Romania has become only the second country in Europe to allow a mortgage borrower to walk away from their obligations under a mortgage by returning the property to the lender. There are plenty of qualifications to this new law (and at the time of writing the exact implementation is still unclear), but it is undoubtedly a problem. It is also an interesting test case. Despite the understandable objections being made to the new law it will have attracted a lot of interest from politicians in other countries. It seems only a matter of time before such a law is introduced elsewhere.
The timing of the new law is somewhat annoying. It comes almost immediately after Romania finalised its secondary legislation which, taken with the new covered bond law passed last year, represent an excellent basis for the development of a state of the art covered bond market (in the interests of full disclosure I must admit to a strong personal interest in the new bond law. Bias notwithstanding, it really is good).
How much of a problem is a walk away law for the covered bond market? I think not as much as many people have said for three reasons, one of which is specific to Romania.
The specific is the easy one: Romanian mortgages are currently very good credits with low loss numbers.
Turning to the general: when risks are introduced, mitigants appear. Sadly in the case of Romania - which has a very small mortgage market currently - these mitigants are bound to have the effect of limiting mortgage market growth: higher deposits will be needed, mortgages will be restricted to the better off. Not what Romanian needs currently, but an effective control of risk.
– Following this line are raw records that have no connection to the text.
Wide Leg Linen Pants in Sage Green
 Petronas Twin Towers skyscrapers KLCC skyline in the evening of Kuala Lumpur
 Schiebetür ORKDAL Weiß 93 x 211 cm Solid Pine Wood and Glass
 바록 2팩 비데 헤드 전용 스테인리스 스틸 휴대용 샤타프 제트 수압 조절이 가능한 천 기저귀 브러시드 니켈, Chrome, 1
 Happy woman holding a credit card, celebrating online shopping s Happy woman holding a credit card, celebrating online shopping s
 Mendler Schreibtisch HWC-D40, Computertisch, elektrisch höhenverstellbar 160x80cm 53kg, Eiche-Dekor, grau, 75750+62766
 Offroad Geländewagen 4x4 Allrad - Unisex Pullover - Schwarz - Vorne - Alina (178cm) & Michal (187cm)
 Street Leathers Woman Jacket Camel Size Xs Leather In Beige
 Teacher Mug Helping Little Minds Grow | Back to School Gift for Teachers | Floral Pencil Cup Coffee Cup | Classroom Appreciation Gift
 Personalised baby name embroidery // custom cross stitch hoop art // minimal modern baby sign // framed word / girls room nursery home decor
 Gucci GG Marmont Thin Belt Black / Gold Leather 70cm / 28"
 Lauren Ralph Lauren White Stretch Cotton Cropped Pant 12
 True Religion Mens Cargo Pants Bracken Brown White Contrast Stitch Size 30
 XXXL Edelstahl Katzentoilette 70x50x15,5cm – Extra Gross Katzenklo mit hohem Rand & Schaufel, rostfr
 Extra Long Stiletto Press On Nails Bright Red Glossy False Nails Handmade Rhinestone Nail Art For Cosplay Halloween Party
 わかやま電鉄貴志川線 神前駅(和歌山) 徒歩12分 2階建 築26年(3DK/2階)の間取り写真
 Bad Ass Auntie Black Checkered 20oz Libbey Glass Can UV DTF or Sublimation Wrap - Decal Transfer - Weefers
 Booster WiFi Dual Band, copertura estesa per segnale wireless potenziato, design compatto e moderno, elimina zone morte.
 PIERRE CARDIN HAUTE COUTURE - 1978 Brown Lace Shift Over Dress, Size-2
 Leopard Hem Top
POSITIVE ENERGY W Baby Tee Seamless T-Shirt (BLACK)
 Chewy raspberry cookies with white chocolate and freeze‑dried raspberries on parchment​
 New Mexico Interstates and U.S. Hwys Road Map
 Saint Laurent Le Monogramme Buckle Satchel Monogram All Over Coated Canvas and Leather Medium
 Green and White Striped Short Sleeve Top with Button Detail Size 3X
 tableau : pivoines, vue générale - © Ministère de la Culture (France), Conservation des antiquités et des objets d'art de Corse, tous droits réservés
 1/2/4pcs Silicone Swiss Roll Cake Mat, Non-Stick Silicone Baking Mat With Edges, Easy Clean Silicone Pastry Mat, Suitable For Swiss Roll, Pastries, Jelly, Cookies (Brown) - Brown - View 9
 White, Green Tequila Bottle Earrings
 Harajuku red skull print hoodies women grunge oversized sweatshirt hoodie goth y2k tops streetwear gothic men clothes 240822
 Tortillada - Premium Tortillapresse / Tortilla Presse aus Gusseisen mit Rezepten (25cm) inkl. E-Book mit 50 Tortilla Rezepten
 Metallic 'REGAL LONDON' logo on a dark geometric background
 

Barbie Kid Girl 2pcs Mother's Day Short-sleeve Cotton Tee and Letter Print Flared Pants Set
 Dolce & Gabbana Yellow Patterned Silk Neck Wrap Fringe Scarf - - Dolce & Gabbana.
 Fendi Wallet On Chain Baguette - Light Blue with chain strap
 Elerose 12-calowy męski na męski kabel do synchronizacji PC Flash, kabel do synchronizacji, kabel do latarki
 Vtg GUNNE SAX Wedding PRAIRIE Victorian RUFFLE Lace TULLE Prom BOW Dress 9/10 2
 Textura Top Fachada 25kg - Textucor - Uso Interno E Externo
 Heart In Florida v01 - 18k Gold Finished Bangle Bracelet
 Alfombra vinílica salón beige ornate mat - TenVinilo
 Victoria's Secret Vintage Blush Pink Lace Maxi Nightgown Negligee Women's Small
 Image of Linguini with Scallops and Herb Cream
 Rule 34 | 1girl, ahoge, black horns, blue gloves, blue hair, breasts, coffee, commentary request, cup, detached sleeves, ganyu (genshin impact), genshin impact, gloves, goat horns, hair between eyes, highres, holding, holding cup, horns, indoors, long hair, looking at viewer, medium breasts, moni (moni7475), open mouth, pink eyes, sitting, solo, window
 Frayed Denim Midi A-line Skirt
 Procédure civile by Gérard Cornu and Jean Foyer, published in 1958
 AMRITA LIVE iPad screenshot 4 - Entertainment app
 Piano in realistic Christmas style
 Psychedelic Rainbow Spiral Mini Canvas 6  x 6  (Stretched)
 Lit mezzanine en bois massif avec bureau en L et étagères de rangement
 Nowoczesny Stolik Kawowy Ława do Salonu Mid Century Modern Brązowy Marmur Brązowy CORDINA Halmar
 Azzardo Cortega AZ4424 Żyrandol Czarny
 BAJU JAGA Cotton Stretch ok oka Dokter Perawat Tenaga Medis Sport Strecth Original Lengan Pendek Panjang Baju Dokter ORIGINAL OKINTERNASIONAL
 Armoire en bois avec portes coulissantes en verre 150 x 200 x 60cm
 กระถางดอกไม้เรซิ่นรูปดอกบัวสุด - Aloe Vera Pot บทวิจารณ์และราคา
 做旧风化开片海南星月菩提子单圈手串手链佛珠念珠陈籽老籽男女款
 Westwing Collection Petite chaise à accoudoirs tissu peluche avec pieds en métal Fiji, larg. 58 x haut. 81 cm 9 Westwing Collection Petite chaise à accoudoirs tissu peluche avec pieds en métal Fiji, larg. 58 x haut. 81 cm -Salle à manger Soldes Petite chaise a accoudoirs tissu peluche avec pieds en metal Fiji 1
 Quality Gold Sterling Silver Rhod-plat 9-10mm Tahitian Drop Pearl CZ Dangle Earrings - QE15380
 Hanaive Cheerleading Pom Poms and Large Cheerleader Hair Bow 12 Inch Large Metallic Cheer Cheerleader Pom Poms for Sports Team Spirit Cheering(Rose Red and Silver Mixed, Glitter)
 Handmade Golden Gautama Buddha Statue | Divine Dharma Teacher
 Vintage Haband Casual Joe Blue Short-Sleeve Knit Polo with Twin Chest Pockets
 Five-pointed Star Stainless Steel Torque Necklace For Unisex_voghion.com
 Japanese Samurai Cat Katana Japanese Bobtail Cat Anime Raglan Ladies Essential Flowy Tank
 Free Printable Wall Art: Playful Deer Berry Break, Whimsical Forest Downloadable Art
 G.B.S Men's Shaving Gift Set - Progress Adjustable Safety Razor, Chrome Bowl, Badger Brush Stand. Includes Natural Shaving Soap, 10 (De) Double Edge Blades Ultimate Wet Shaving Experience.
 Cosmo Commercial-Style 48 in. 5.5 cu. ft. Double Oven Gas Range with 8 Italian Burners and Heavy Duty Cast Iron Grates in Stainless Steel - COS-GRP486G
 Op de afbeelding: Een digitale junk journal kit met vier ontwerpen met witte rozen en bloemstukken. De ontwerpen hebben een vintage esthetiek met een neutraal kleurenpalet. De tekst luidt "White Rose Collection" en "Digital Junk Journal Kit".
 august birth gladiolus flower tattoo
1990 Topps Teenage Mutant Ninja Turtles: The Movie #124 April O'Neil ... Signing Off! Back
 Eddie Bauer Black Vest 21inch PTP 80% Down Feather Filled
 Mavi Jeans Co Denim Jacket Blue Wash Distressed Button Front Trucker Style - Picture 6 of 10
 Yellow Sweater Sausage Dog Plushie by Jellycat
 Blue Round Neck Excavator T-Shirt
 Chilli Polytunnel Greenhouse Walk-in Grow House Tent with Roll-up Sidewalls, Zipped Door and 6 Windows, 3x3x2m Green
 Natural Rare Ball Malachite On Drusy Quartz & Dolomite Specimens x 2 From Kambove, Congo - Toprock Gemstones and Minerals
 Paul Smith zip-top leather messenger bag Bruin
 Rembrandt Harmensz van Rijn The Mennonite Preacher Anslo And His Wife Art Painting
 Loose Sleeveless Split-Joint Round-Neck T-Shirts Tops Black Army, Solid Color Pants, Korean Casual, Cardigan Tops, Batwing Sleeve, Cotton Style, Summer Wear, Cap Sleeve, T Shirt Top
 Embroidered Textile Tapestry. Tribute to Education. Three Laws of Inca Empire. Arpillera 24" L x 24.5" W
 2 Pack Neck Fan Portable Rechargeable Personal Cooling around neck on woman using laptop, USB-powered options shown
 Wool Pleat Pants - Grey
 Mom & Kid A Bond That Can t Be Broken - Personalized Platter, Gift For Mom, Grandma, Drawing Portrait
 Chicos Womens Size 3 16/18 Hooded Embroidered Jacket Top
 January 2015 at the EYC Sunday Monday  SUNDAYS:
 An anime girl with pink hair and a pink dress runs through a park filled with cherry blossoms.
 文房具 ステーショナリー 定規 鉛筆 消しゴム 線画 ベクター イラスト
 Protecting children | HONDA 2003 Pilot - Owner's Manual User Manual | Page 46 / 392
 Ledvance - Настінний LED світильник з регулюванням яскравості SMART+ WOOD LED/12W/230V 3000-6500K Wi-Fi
But the biggest comfort factor is that this is precisely the sort of risk that a well-structured covered bond market is designed to address. The probability of a mortgage defaulting will be higher, the loss given default is higher, but we can cope with that. A dynamic, contractual, over-collateralisation test will size the extra over-collateralisation needed. Asset substitution rules will ensure that borrowers who exercise their new right will rapidly be replaced by better, more responsible mortgage borrowers. (Again, in the interest of disclosure, at time of writing no issuer has drafted their programme yet, but they will, and these mitigants will be there and will be effective).
Arguably, this type of law makes covered bonds better, or at very least, more necessary. As risk never leaves the issuers balance sheet the law brings down the average credit of the banking system precisely the problem that covered bonds are there to protect against.
But this is not just a test case for a walk away mortgage law. It is a test case for any decisions by governments that fundamentally impair the quality of the mortgage pool the redenomination of foreign currency denominated mortgages at an off-market rate, for example.
Im sure this will be a major topic of discussion at the inaugural Euromoney/ECBC/EBRD CEE Covered Bond Forum.